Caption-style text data
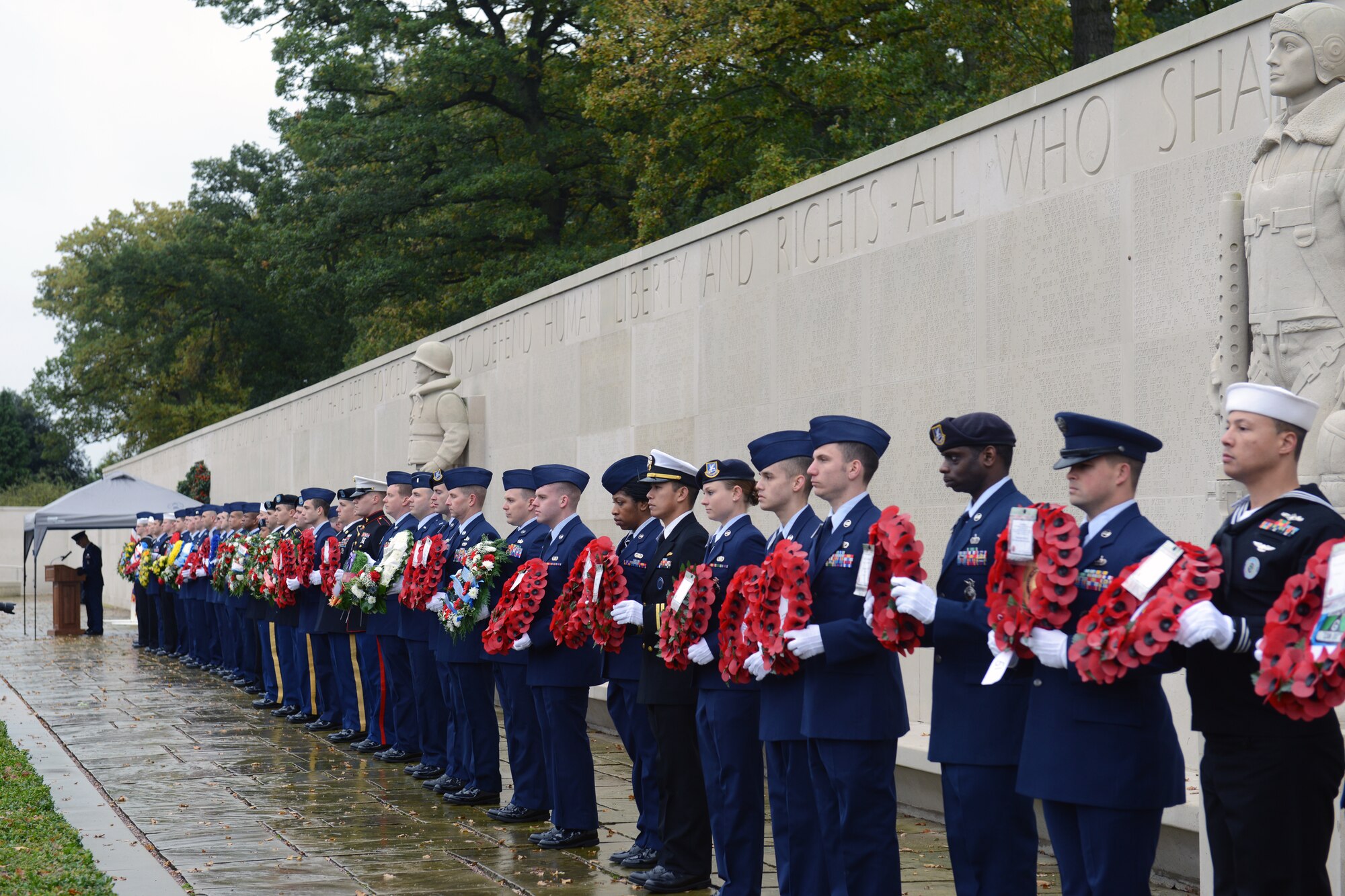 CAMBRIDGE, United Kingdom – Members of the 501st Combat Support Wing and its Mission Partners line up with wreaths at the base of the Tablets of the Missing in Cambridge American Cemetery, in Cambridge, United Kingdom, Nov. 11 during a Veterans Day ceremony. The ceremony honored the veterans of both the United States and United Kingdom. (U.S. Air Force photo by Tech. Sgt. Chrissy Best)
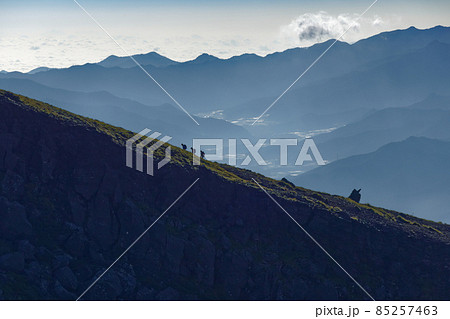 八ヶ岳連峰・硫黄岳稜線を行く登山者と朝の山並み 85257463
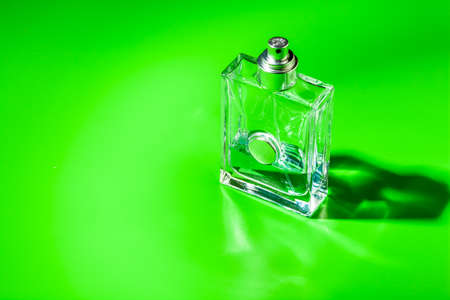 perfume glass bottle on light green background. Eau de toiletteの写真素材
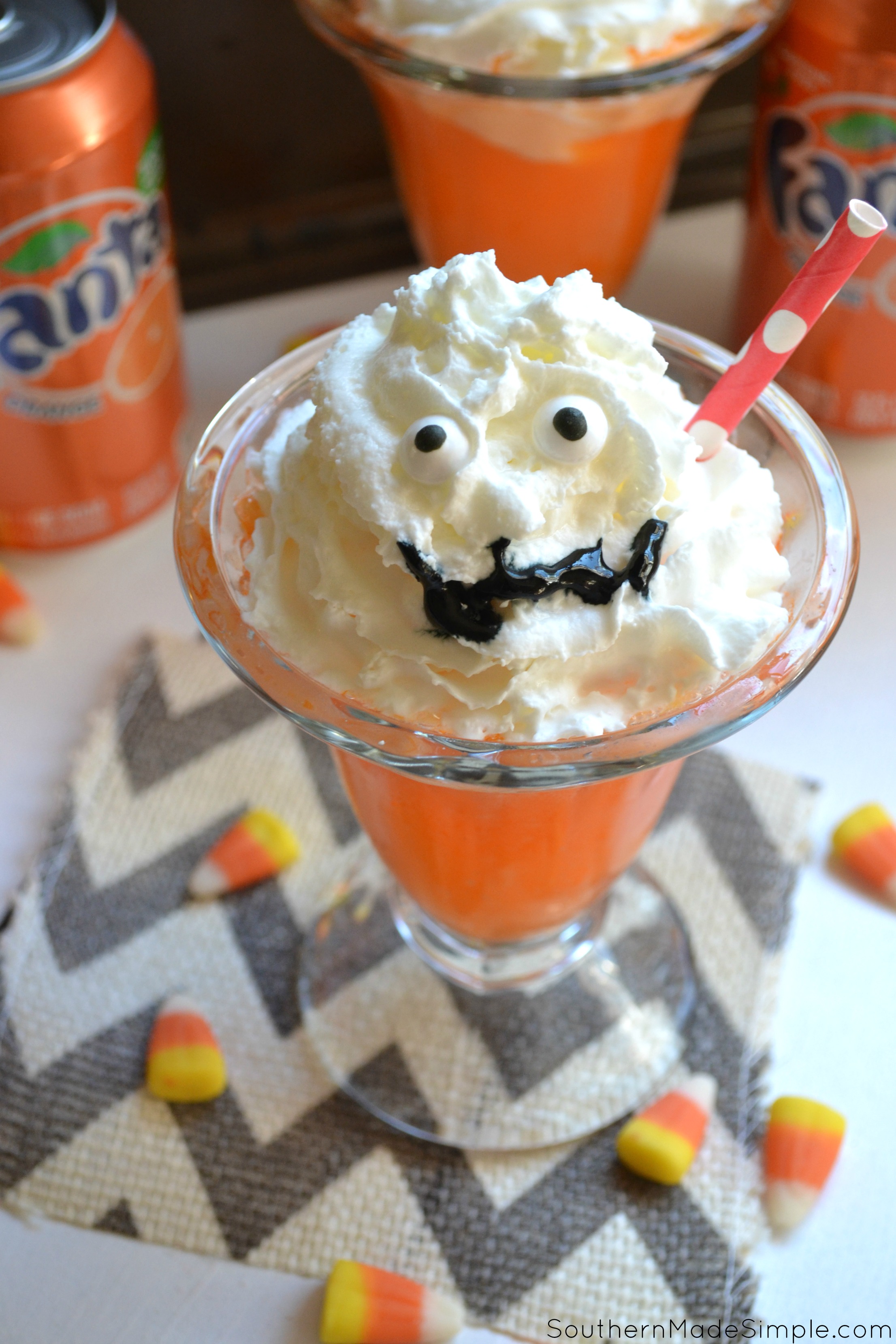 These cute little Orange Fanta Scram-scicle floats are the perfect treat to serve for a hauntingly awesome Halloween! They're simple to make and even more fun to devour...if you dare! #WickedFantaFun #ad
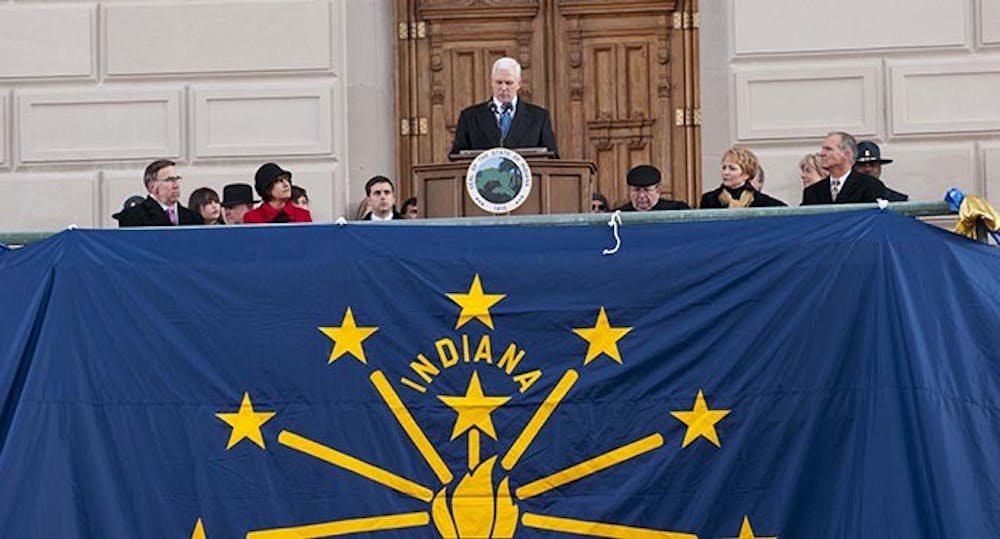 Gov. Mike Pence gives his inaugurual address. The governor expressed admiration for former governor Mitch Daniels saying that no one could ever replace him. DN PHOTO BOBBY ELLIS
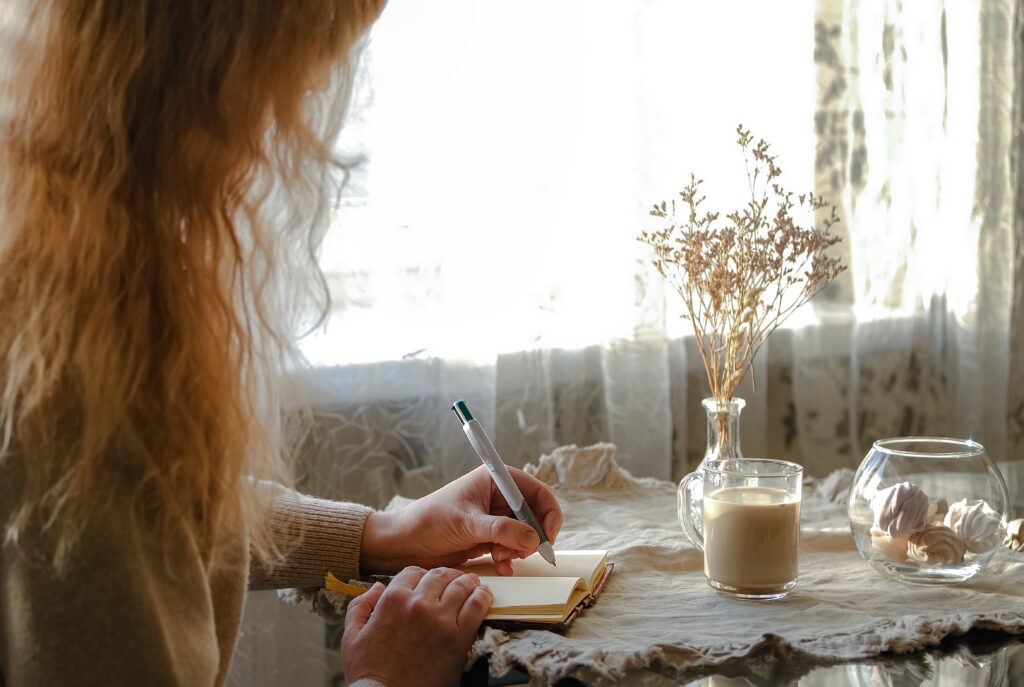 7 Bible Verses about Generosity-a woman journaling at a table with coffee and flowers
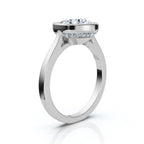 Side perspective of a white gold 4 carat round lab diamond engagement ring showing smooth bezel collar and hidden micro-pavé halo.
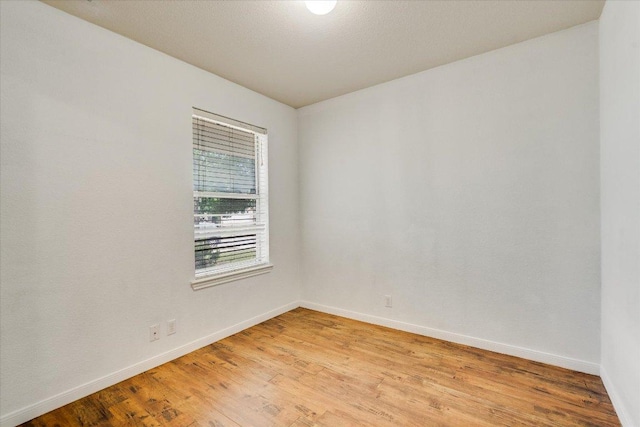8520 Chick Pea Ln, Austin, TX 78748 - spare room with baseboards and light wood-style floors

EXERCISE PROMPT: Beginning with the line that holds "Gov. Mike Pence", return each line through the end of the records above exactly. Do not include pictures.

ANSWER SPACE:
 Gov. Mike Pence gives his inaugurual address. The governor expressed admiration for former governor Mitch Daniels saying that no one could ever replace him. DN PHOTO BOBBY ELLIS
 7 Bible Verses about Generosity-a woman journaling at a table with coffee and flowers
 Side perspective of a white gold 4 carat round lab diamond engagement ring showing smooth bezel collar and hidden micro-pavé halo.
8520 Chick Pea Ln, Austin, TX 78748 - spare room with baseboards and light wood-style floors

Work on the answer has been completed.